• What is expected
Go to the line that contains "Bird Wings Rigged", then write out that line and all that follow to the end of the listing, exactly and without pictures.

[Opening Given information section]

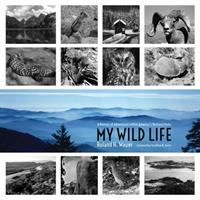 My_wild_life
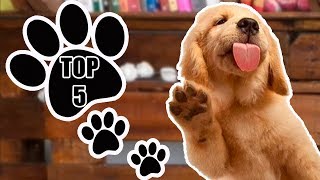 TOP 5  Melhores RAÇAS de cães para APARTAMENTO [upl. by Sig415]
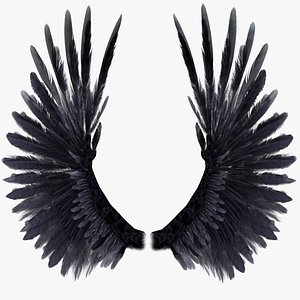 Bird Wings Rigged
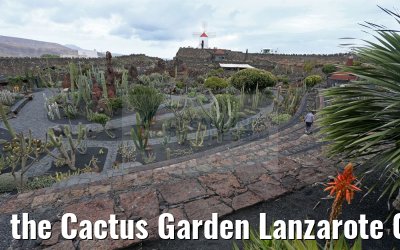 the Cactus Garden Lanzarote 09.05.2016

[Closing Given information section]

• Result below
 Bird Wings Rigged
 the Cactus Garden Lanzarote 09.05.2016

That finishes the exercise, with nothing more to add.